Thanks for an awesome podcast.

If people want to have a go at solving this themselves, now is a good time to pause, give it a go, because, Beck, have you got a solution for us?

Yes.

So

I love this because this is like a puzzle to me and I love puzzles.

And so, you know, your first instinct is to draw a square that represents a cube and then you sort of

draw some steps yeah and when you're drawing the steps you know if you're sort of doing them like cube shaped or whatever you do find that if you go from like the like one step up yeah and then to the and then across and then up again another step and across and if you're doing that in sort of even cubes yep even uh squares then what happens is you come out the diagonal top of your square on the like the same side of that diagonal.

Does this make sense?

Only because I did get a bit of paper and try and do this

all the problem.

If you're able to, you should do it right.

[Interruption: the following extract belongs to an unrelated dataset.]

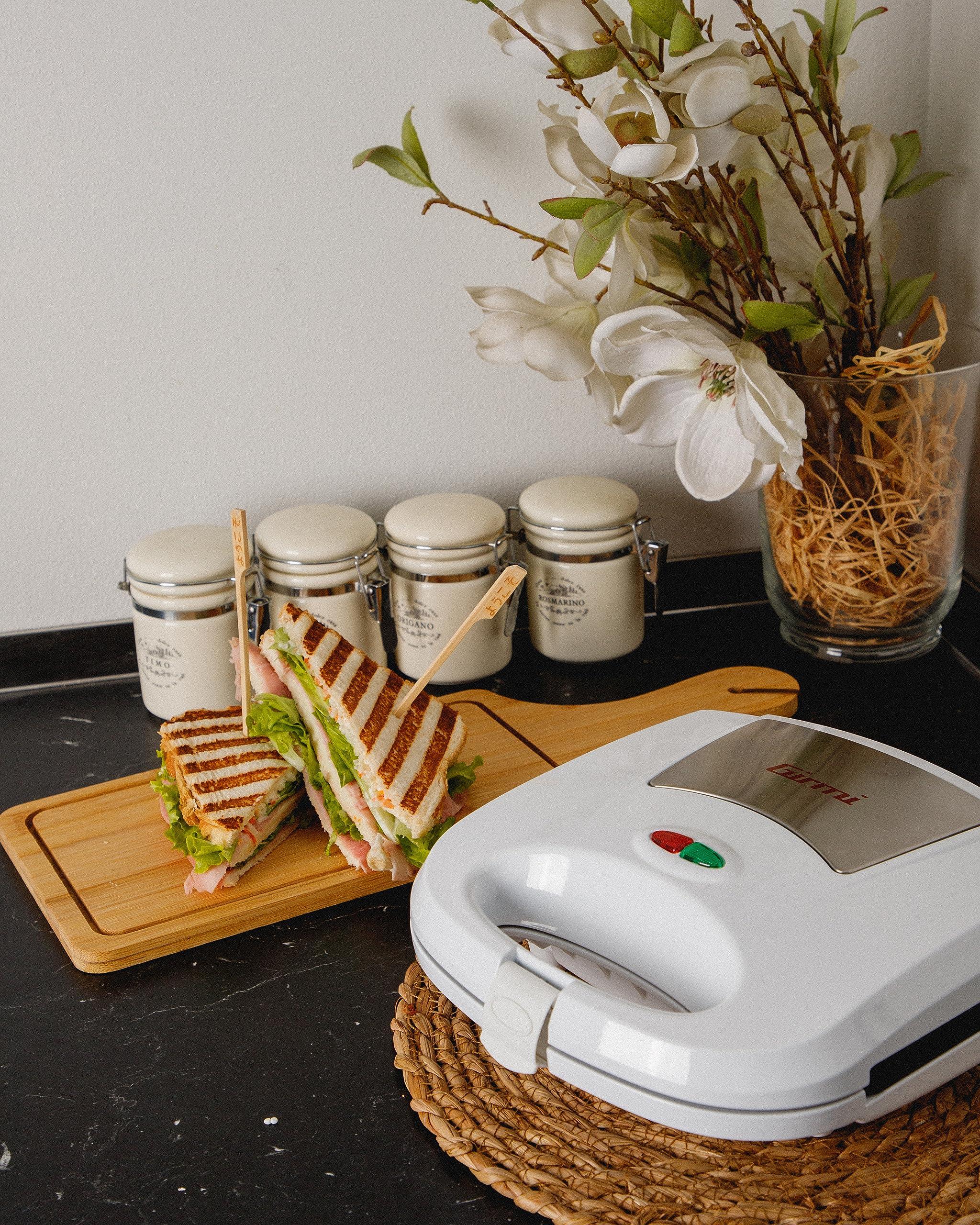 girmi-ts03-sandwich-toaster-wei-750w-antihaft image 2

You should try it right now.

But essentially what it means is you end up with a smaller side.

Yes.

You've got one side that's got...

So let's say I've got a three by three

square.

Yep.

That first square is your first step.

First step.

Next two squares.

Yep.

That's your next step up.

And then the next three squares

going upwards.

Three steps.

That's your final step But then the other bit left over you've only got three tiny bits.

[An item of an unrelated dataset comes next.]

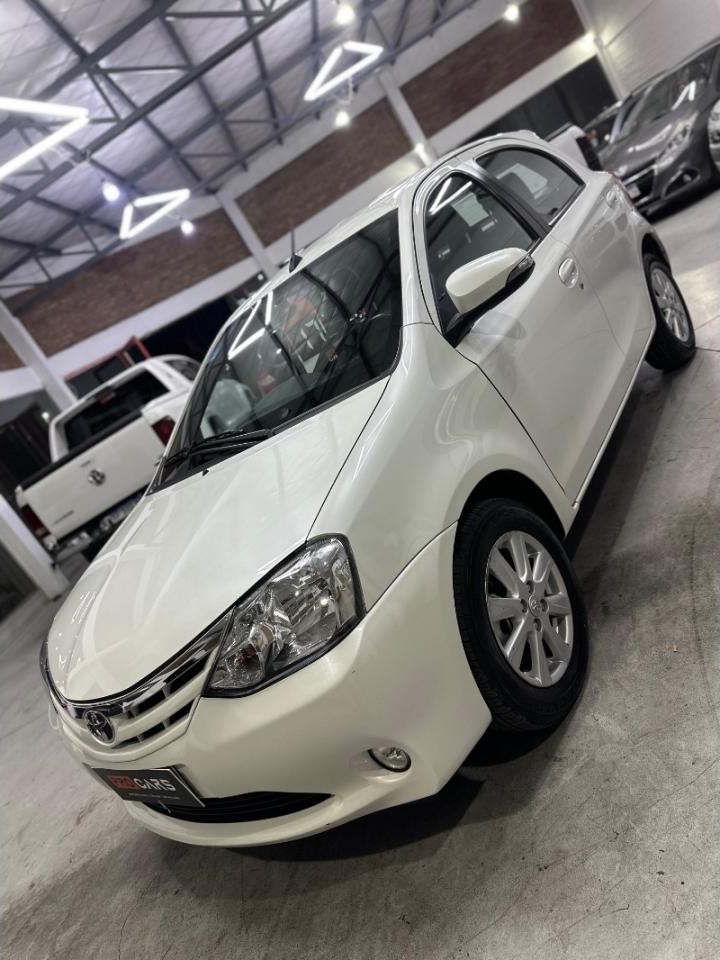 Toyota Etios Xls 2017 único Dueño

You've only got like one step two step up and then yeah, so then

how embarrassing but I was like that well that's weird

I guarantee the first time you try this if you don't put any thought into it in advance you will draw asymmetric stairs.

Yes.

Yeah.

And I I'd had a I realized I'd had a similar problem to this because in a flip chart that I recently made and filmed.

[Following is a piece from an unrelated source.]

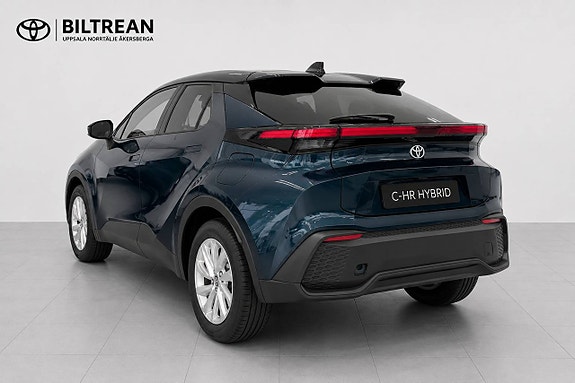 Toyota C-HR 2 of 7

Actually, this one is on you.

This one's on YouTube.

Yeah.

Yeah.

It's called this page is is the First and Also the Last.

On one of the pages, there's a like a broken heart.

And when I was drawing the broken heart, I was trying to do like the break in the middle.

Yeah.

And I was trying to do it so that they had like an even number of

pointy bits.

But that was really hard.

Same problem.

Same problem.

And so I was like, oh, I've come across this before.

I was sitting with you when this problem came in and I was like, this doesn't seem right.

I feel like there is definitely an answer.

And we had very different ways of

doing it.

And

my way was hands-on.

I like your ways.

So I was like, do you have

anything cube-shaped?

Do you have a bunch of dye?

I went and got the dice box from upstairs.

Yes.

I was like, wait here.

And I ran up.

I came back with a box of dice.

Yes.

Most of which are not cubes, but enough were.

No.

And then

I instinctively went to do a cube of three by three by three.

Yep.

I don't know why.

That's just always my instinct.

Three by three.

That's a classic cube.

Yeah.

You obsessed with the Rubik's Cube.

That's true.

Do you know what?

I was playing with the Rubik's Cube, Roman, so that's definitely where my brain went.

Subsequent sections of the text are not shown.